WHAT TO WORK ON: Using the records below, write out only the lines from the line containing "Female hands cutting" up to and including the line containing "An architect working", exactly, with no pictures.
==== PROVIDED DATA
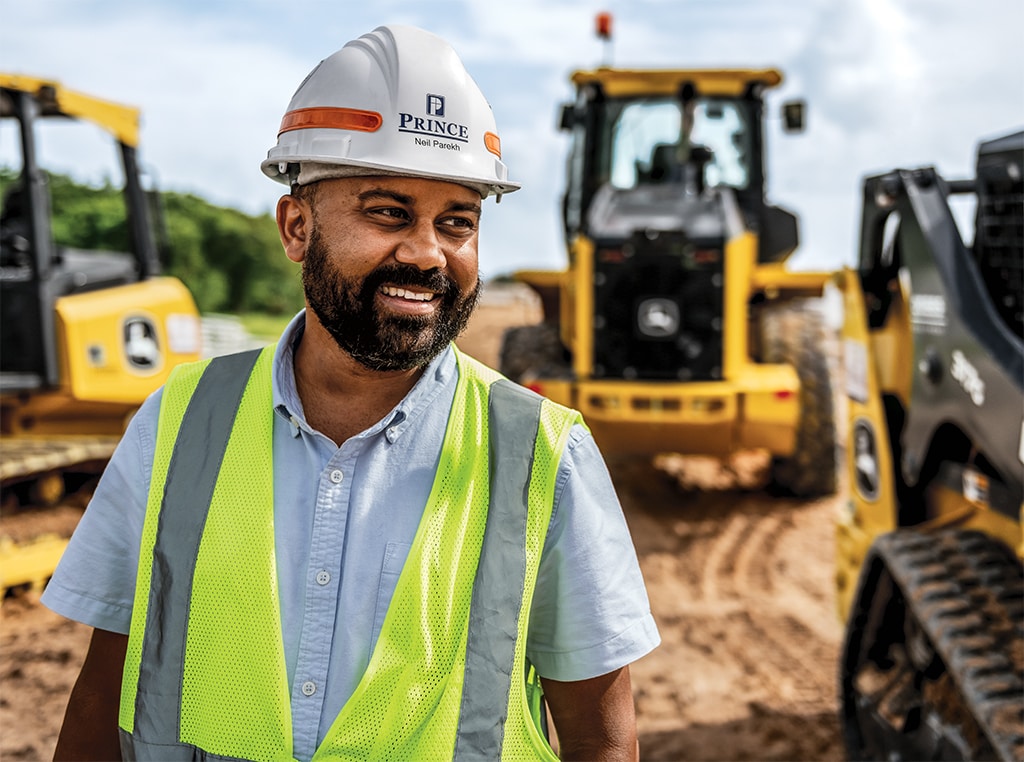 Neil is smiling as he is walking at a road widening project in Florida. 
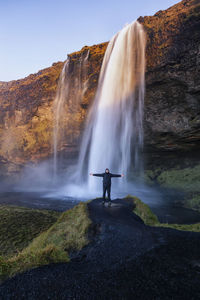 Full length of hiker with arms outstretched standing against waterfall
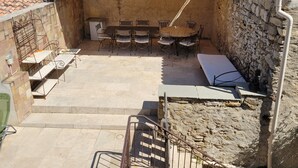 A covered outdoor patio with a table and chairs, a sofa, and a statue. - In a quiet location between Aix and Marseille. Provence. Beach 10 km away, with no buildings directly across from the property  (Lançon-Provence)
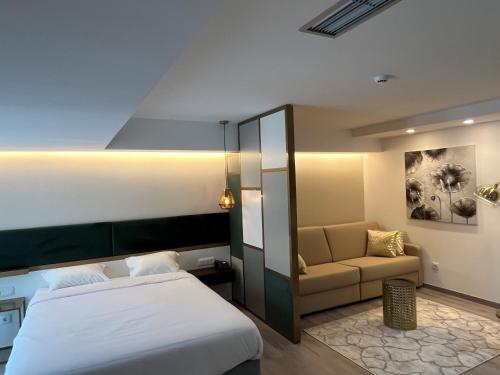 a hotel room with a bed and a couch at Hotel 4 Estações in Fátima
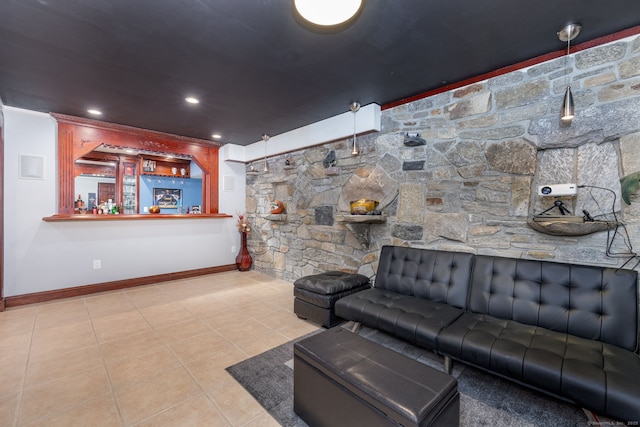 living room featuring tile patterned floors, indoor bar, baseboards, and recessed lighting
========
==== PROVIDED DATA
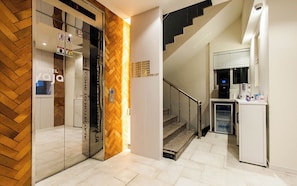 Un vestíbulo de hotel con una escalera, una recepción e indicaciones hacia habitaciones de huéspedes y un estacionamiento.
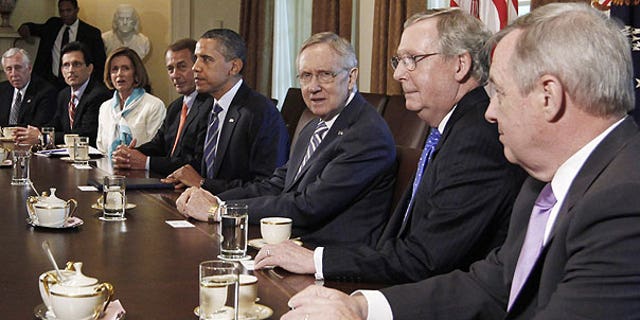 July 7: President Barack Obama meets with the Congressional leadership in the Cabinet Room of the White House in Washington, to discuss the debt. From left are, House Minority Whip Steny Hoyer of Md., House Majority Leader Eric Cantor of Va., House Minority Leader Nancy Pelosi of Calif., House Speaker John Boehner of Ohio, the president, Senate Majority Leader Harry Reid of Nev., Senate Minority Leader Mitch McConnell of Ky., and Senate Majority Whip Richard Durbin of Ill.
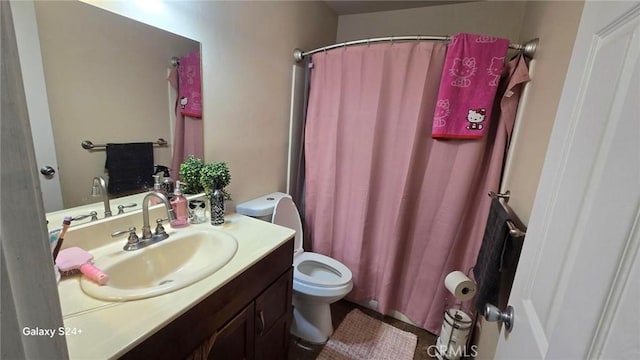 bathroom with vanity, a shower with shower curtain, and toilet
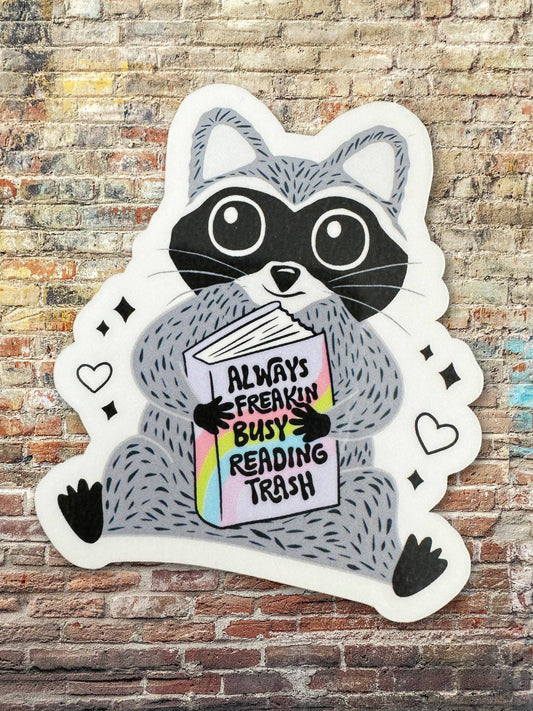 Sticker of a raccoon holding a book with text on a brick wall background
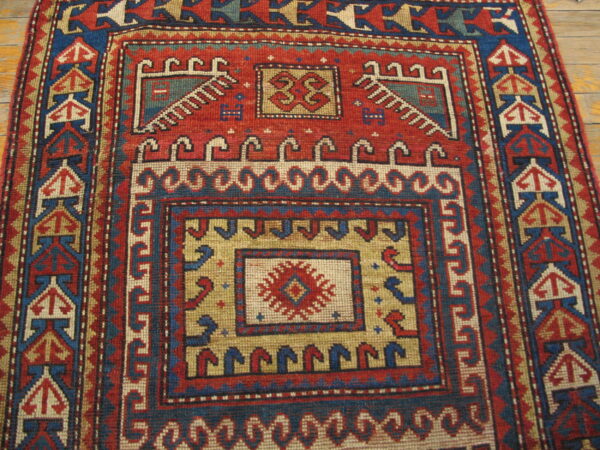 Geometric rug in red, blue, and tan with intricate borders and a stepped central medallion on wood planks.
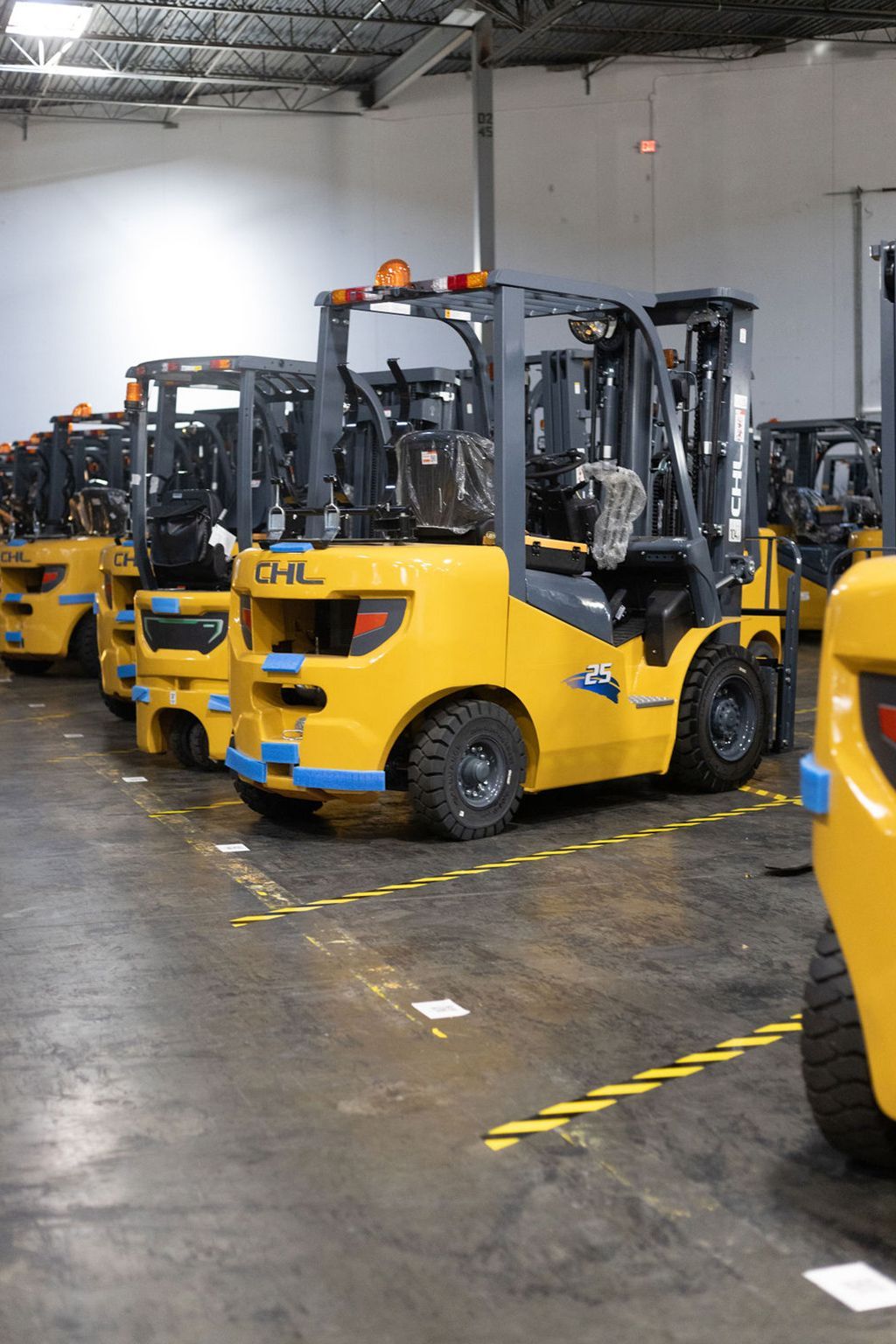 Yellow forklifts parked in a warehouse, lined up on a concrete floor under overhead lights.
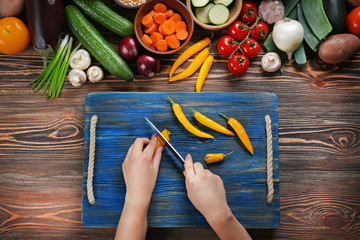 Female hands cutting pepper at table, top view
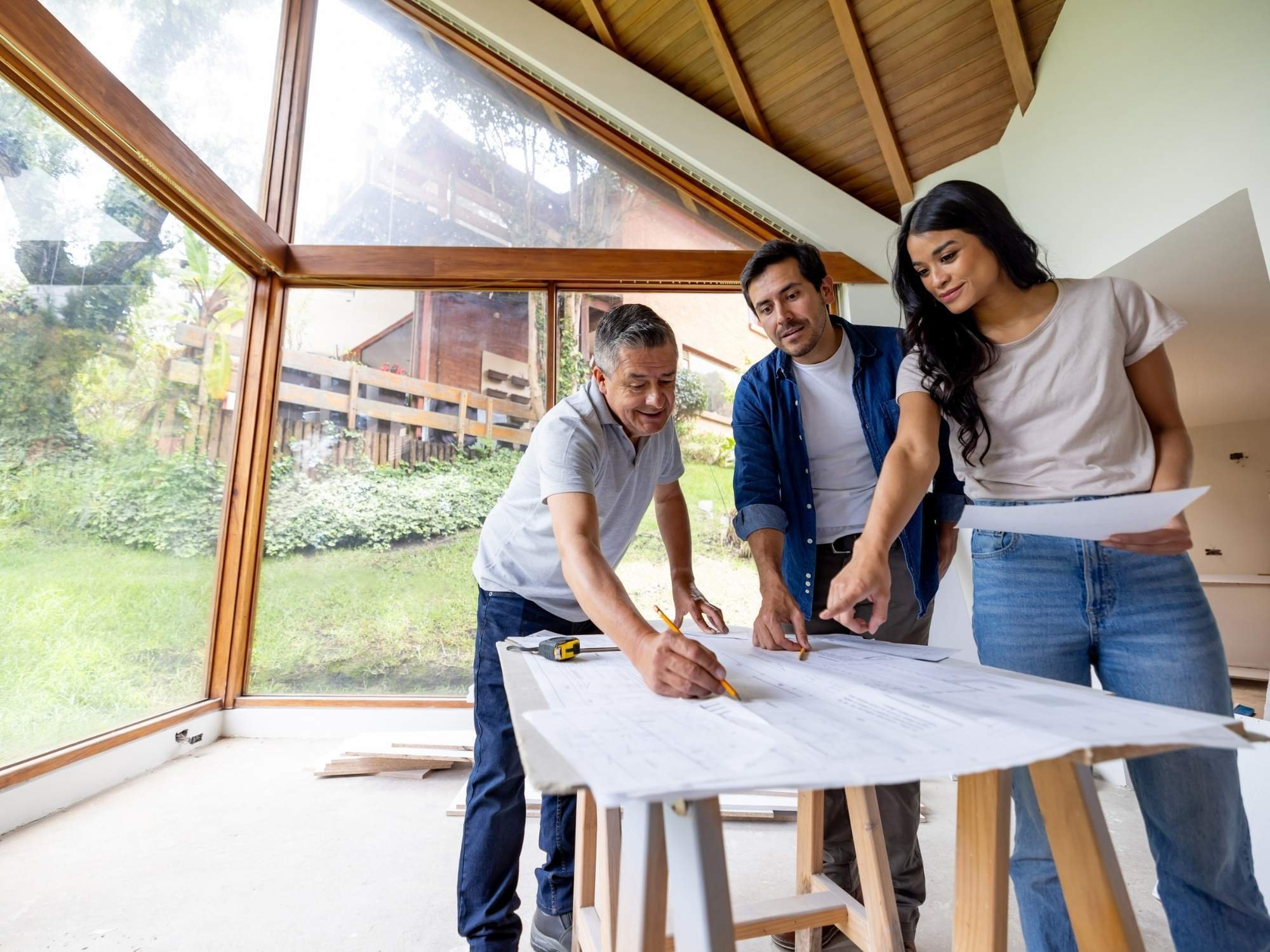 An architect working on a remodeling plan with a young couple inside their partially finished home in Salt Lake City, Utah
========
TASK OUTPUT:
 Female hands cutting pepper at table, top view
 An architect working on a remodeling plan with a young couple inside their partially finished home in Salt Lake City, Utah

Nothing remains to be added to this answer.